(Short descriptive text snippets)
>>>
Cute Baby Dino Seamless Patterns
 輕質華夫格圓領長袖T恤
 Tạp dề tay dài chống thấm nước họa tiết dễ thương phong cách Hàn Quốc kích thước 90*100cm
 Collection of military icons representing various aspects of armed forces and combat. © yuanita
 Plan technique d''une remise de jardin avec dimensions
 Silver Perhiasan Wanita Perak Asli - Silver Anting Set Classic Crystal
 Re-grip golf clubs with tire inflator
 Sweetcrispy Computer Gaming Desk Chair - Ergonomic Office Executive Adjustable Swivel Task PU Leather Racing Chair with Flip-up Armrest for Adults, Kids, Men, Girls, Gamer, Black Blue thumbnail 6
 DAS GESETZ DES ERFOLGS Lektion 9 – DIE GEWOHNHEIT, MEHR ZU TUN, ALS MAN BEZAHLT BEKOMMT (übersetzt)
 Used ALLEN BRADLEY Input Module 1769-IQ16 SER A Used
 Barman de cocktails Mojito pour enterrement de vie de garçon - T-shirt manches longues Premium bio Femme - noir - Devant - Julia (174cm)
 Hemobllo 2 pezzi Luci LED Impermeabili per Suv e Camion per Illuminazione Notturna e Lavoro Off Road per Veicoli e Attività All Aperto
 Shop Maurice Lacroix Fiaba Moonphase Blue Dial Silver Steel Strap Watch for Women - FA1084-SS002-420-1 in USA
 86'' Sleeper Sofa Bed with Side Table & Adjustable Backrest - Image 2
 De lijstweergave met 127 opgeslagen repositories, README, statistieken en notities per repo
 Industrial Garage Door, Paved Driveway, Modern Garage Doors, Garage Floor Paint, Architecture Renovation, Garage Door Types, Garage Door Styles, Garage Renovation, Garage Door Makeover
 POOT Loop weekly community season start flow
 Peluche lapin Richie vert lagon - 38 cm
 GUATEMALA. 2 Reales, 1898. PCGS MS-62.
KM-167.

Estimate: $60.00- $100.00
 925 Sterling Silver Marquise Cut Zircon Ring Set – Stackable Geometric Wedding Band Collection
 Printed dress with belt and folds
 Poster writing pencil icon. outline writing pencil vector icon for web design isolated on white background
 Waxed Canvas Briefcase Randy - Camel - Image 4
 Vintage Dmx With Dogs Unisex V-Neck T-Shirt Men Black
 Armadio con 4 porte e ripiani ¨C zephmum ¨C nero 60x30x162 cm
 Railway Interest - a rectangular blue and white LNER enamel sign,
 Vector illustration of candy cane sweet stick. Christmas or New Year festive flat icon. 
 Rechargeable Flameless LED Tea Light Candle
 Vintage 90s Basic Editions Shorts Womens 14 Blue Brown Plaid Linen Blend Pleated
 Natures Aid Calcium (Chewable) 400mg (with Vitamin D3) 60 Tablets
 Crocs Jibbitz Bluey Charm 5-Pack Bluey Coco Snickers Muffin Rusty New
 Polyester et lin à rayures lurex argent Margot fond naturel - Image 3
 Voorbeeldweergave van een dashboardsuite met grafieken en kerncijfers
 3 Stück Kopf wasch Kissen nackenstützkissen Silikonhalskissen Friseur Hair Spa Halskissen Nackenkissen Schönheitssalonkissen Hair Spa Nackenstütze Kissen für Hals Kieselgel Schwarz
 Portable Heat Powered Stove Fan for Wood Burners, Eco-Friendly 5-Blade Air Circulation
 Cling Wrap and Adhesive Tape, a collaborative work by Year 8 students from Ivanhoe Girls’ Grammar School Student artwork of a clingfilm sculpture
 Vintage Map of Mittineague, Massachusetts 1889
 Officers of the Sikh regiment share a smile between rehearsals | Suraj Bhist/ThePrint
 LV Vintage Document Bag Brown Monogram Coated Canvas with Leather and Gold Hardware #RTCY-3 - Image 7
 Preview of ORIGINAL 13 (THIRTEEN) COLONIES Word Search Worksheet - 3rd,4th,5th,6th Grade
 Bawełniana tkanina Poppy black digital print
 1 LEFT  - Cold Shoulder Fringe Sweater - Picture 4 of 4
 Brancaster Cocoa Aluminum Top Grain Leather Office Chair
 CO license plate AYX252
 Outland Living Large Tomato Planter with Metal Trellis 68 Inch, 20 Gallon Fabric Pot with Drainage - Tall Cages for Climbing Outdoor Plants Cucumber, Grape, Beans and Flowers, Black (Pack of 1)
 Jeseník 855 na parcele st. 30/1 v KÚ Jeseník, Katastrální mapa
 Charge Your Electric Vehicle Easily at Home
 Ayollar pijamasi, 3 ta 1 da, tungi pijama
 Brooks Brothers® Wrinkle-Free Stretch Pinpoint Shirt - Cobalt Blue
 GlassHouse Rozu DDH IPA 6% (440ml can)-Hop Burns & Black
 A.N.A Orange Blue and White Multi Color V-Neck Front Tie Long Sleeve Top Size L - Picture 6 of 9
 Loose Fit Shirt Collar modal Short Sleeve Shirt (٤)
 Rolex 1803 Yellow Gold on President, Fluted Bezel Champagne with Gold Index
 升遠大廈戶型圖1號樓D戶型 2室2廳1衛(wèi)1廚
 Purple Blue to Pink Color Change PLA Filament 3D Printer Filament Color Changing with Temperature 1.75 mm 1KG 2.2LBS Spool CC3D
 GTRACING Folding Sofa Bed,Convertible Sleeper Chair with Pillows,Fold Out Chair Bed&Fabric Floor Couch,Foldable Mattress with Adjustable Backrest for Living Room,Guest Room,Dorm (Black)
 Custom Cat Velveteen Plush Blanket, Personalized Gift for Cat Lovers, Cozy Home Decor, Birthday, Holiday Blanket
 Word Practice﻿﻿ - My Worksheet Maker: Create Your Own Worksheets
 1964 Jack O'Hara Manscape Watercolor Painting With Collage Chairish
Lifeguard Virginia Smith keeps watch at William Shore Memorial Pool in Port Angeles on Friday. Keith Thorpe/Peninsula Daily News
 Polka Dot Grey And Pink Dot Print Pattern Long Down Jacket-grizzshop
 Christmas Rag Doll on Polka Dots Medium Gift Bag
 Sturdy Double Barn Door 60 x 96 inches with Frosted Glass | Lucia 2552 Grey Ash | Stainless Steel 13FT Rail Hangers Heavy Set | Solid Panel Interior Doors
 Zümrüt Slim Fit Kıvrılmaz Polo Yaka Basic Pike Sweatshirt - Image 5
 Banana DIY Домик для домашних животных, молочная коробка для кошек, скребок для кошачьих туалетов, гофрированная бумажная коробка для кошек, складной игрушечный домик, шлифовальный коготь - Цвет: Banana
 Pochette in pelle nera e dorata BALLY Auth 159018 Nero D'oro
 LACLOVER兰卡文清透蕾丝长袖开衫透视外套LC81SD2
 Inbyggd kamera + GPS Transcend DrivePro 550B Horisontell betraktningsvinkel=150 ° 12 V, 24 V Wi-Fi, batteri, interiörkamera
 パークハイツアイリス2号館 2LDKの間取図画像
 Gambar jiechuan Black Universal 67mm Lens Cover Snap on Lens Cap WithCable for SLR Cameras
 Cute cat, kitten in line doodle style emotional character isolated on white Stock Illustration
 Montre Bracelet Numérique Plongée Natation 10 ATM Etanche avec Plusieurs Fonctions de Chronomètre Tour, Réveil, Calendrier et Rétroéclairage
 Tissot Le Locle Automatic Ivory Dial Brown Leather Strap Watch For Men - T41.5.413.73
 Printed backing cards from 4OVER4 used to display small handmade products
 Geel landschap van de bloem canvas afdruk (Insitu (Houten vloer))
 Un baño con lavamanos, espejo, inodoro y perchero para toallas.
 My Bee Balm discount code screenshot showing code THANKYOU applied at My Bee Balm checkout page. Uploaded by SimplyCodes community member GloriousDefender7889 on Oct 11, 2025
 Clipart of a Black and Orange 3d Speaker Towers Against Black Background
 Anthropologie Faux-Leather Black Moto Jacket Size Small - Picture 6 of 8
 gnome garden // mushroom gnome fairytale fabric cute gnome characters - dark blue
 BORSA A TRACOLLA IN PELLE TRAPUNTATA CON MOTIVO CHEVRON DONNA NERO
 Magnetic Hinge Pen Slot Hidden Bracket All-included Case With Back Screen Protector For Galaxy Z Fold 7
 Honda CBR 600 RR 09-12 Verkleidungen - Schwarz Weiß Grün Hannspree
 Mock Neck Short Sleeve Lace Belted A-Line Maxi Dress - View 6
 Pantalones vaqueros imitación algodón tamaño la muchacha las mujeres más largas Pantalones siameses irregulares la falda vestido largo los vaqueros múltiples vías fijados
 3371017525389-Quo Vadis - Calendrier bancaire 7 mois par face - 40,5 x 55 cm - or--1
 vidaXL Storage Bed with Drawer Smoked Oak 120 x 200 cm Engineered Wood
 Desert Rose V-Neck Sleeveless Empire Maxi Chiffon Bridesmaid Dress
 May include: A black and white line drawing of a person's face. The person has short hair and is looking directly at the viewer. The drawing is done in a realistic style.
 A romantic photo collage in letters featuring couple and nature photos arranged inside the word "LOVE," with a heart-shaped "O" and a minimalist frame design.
<<<
The required answer is the exact run of lines above starting at the line with "Vintage 90s Basic" and ending at the line with "Loose Fit Shirt", with both ends present.

 Vintage 90s Basic Editions Shorts Womens 14 Blue Brown Plaid Linen Blend Pleated
 Natures Aid Calcium (Chewable) 400mg (with Vitamin D3) 60 Tablets
 Crocs Jibbitz Bluey Charm 5-Pack Bluey Coco Snickers Muffin Rusty New
 Polyester et lin à rayures lurex argent Margot fond naturel - Image 3
 Voorbeeldweergave van een dashboardsuite met grafieken en kerncijfers
 3 Stück Kopf wasch Kissen nackenstützkissen Silikonhalskissen Friseur Hair Spa Halskissen Nackenkissen Schönheitssalonkissen Hair Spa Nackenstütze Kissen für Hals Kieselgel Schwarz
 Portable Heat Powered Stove Fan for Wood Burners, Eco-Friendly 5-Blade Air Circulation
 Cling Wrap and Adhesive Tape, a collaborative work by Year 8 students from Ivanhoe Girls’ Grammar School Student artwork of a clingfilm sculpture
 Vintage Map of Mittineague, Massachusetts 1889
 Officers of the Sikh regiment share a smile between rehearsals | Suraj Bhist/ThePrint
 LV Vintage Document Bag Brown Monogram Coated Canvas with Leather and Gold Hardware #RTCY-3 - Image 7
 Preview of ORIGINAL 13 (THIRTEEN) COLONIES Word Search Worksheet - 3rd,4th,5th,6th Grade
 Bawełniana tkanina Poppy black digital print
 1 LEFT  - Cold Shoulder Fringe Sweater - Picture 4 of 4
 Brancaster Cocoa Aluminum Top Grain Leather Office Chair
 CO license plate AYX252
 Outland Living Large Tomato Planter with Metal Trellis 68 Inch, 20 Gallon Fabric Pot with Drainage - Tall Cages for Climbing Outdoor Plants Cucumber, Grape, Beans and Flowers, Black (Pack of 1)
 Jeseník 855 na parcele st. 30/1 v KÚ Jeseník, Katastrální mapa
 Charge Your Electric Vehicle Easily at Home
 Ayollar pijamasi, 3 ta 1 da, tungi pijama
 Brooks Brothers® Wrinkle-Free Stretch Pinpoint Shirt - Cobalt Blue
 GlassHouse Rozu DDH IPA 6% (440ml can)-Hop Burns & Black
 A.N.A Orange Blue and White Multi Color V-Neck Front Tie Long Sleeve Top Size L - Picture 6 of 9
 Loose Fit Shirt Collar modal Short Sleeve Shirt (٤)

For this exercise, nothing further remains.